■ **ACTION ITEM**:
Would you reproduce the whole listing exactly, minus its images?

■ **MATERIAL FOR THIS TASK**:

==============================

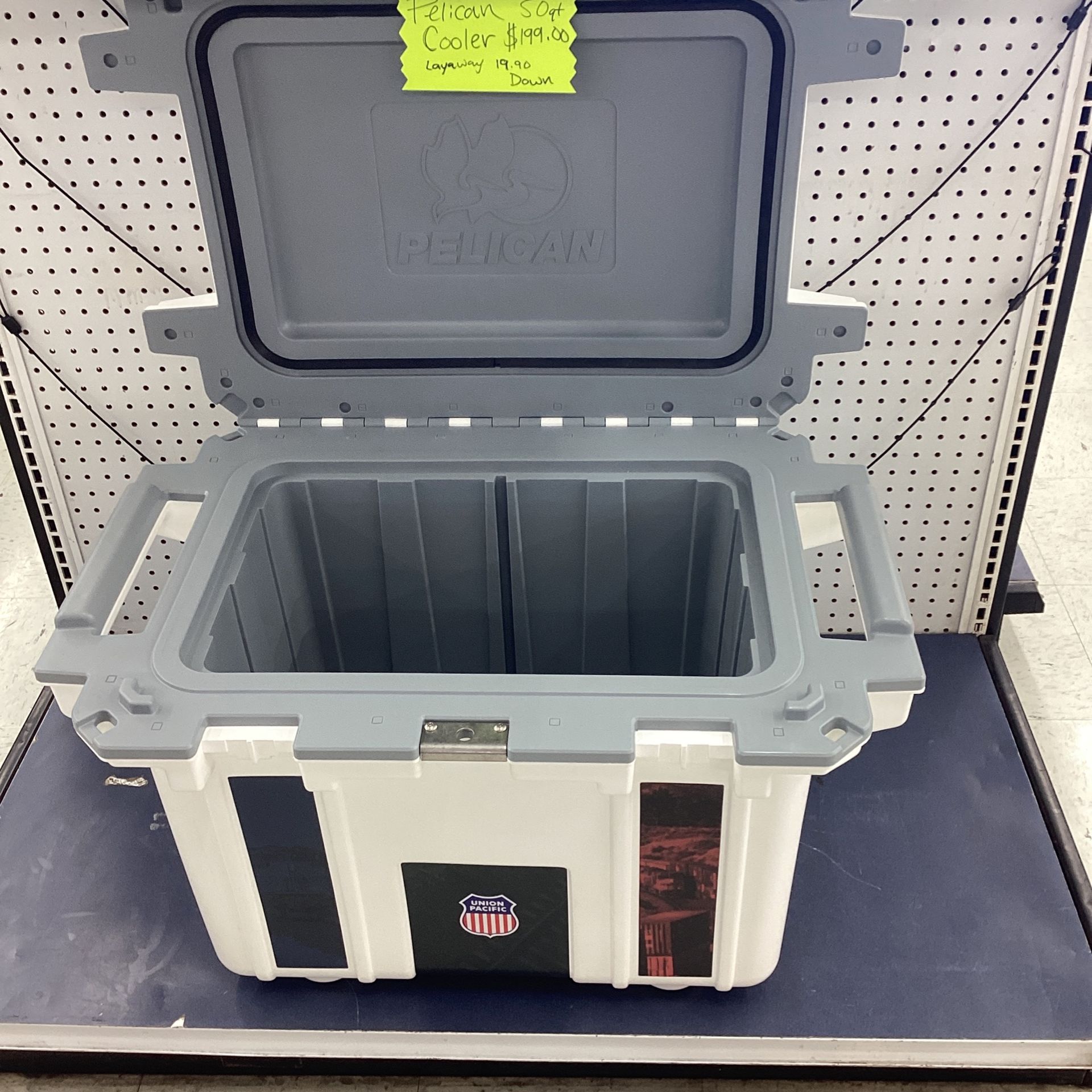 Deep Cooler For Sale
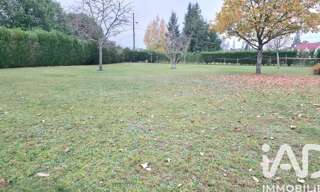 Terrain  500 m² à vendre à Chécy (45430)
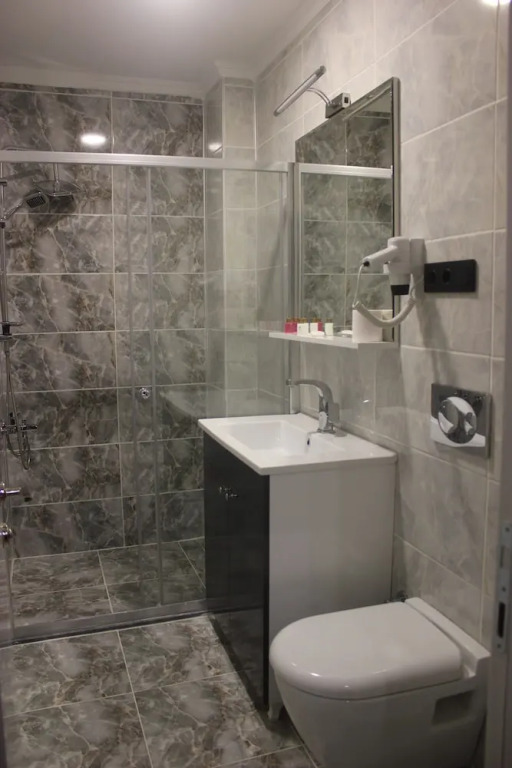 Ottoman Hotel Istanbul Airport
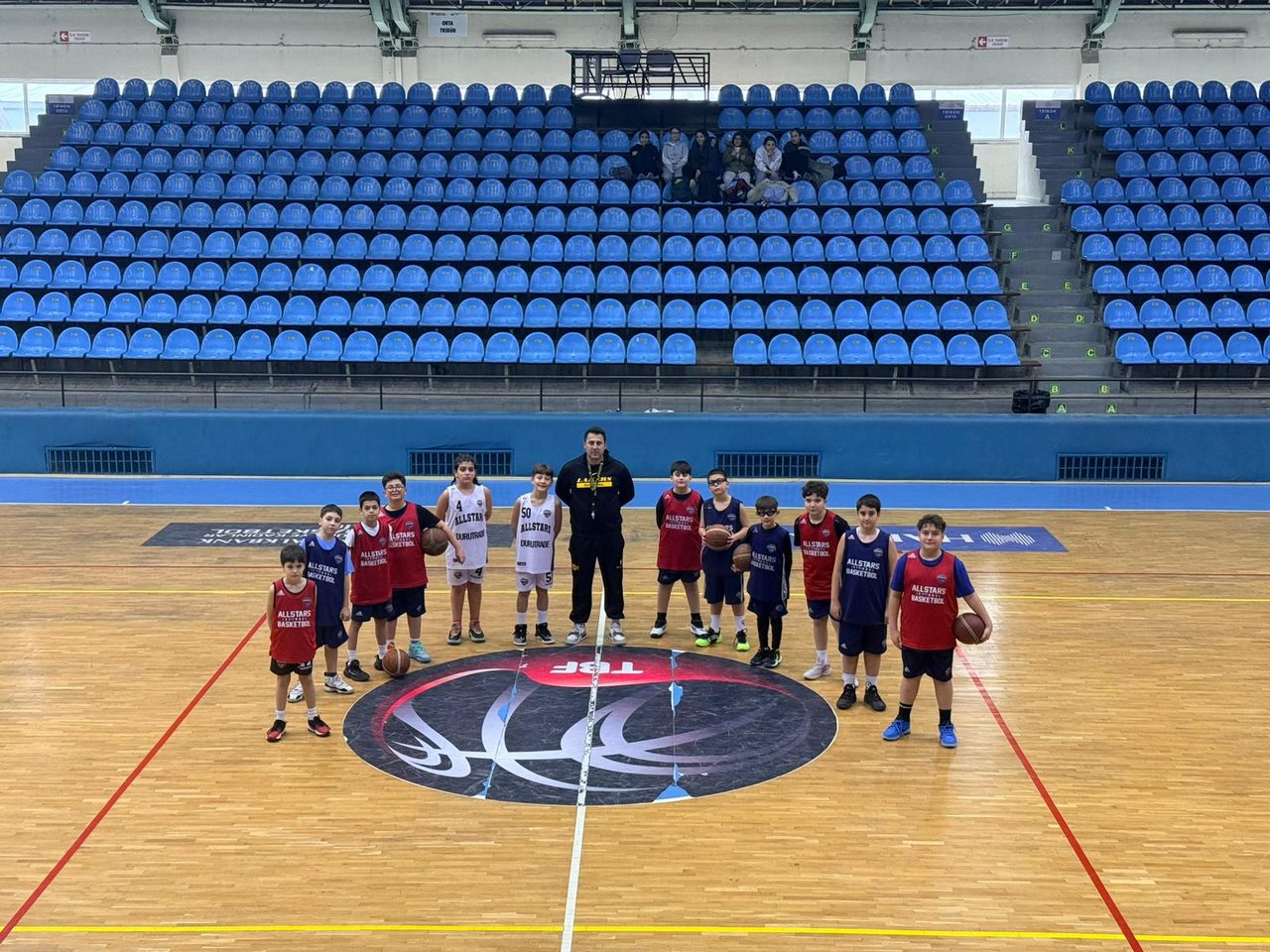 Kamp anısı 5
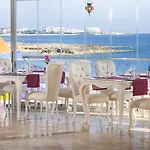 Modern Saraylar Hotel 5*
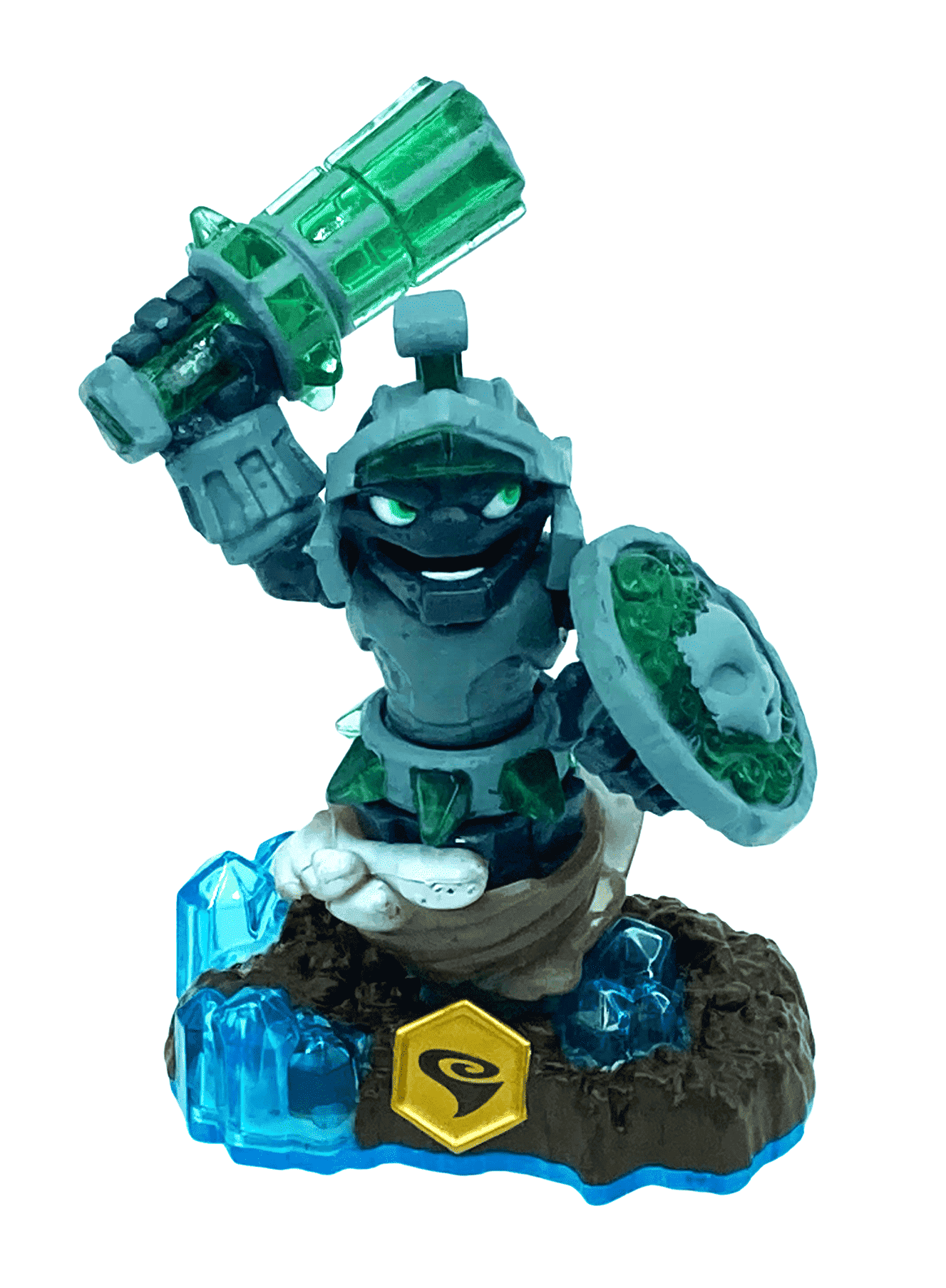 Skylanders Swap Force Doom Stone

==============================

■ **RESPONSE AREA**:
 Deep Cooler For Sale
 Terrain  500 m² à vendre à Chécy (45430)
 Ottoman Hotel Istanbul Airport
 Kamp anısı 5
 Modern Saraylar Hotel 5*
 Skylanders Swap Force Doom Stone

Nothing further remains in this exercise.